As Obamacare hammers the middle class with higher premiums and loss of coverage, Democrats are turning to their age old panic button – demagoguery over the minimum wage. Later this week or next week, the Senate might consider yet another minimum wage increase bill, S. 460. When Pelosi and the Democrats took over Congress in 2007, they raised the minimum wage to $7.25 per hour from $5.15 per hour. The bill would raise the minimum from $7.25 per hour to $10.10 after two years, indexing future increases to the rate of inflation.
With the labor-force participation rate at 62.8%, the lowest since 1978, what better way to crowd out the labor market than by imposing new wage mandates? As we can see, past increases have done nothing to increase household income across the board, and if anything, we have lost more jobs as a result of the mandate.
If Democrats truly believe that these jobs are filled by those who support families, then why stop at $10 an hour? Come on – do they really believe that $10 an hour is a “respectable living wage?” Why not make it $15 or $18 an hour? If government can simply wave a magic wand and increase wages without destroying the job market and the economy, why not make it even higher so everyone can earn a middle-class wage?
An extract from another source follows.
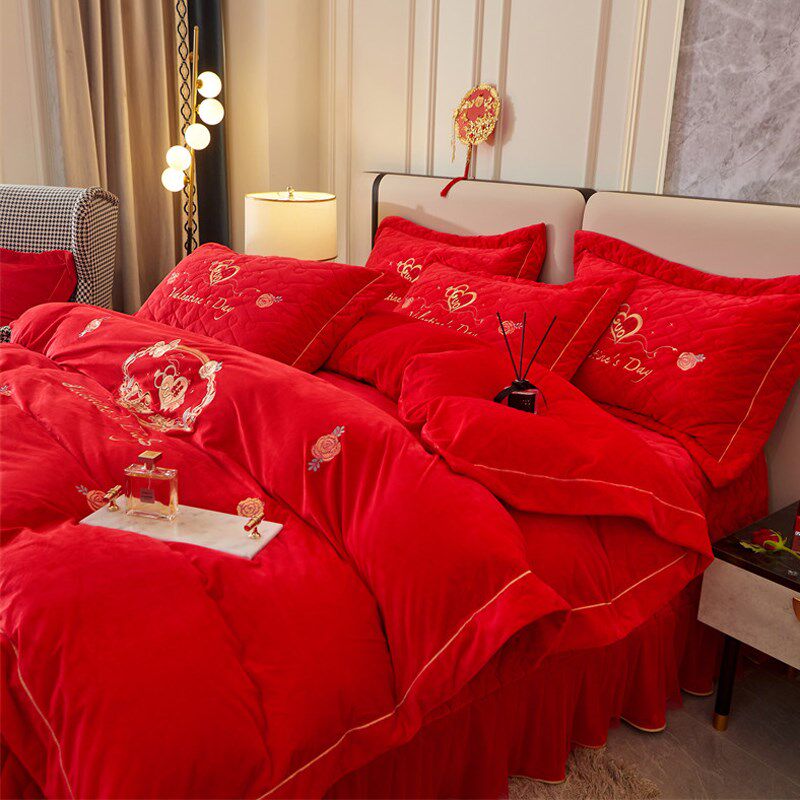 结婚庆红色婴儿绒四件套床盖款牛奶珊瑚绒双面绒被套加厚高端冬季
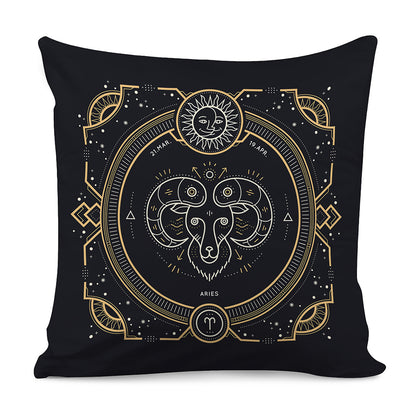 Vintage Aries Zodiac Sign Print Pillow Cover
The reality is that wage mandates force employers to modify their hiring practices and restructure their production in order to circumvent the mandates. This will be exacerbated by the Obamacare employer mandate, which gives companies a $3,000 incentive not to hire someone for full-time work. With the extra hourly rate increase, employers will have an even bigger reason to reduce hours, and in return, lower productivity and efficiency. Here’s how Jed Graham of Investors’ Business Daily explains it:
Faced with such a dramatic increase in labor costs, it is inevitable that employers would step up efforts to evade the portion of the cost increase that is largely voluntary. By shifting low-wage workers to part-time, for-profit employers faced with a $2.85 hike in the federal minimum wage (from $7.25 now) could avoid the equivalent of an additional $2.44-an-hour wage hike.
That $2.44 figure reflects the pretax (wage-equivalent) cost of ObamaCare’s nondeductible employer fine for each full-time worker who accesses subsidies to purchase coverage via the new exchanges.
With a $10.10 minimum wage, a worker would earn $293 per 29-hour workweek. That’s ever so slightly more than the $290 a 40-hour workweek would net at the $7.25 minimum wage in effect in 30 states.
That means full-time workers earning the federal minimum who saw their hours cut to part-time could work a lot less without suffering an income hit. Some could make more by working a second job. But those now earning $8.50 or $9 an hour might still end up with less income if their hours are cut, despite a higher wage.
If Democrats really cared about the plight of the “working class” they would repeal Obamacare.
Oh, and one more thing: if they really want to raise the minimum wage, maybe they should stop supporting an endless importation of third-world labor to artificially depress wages.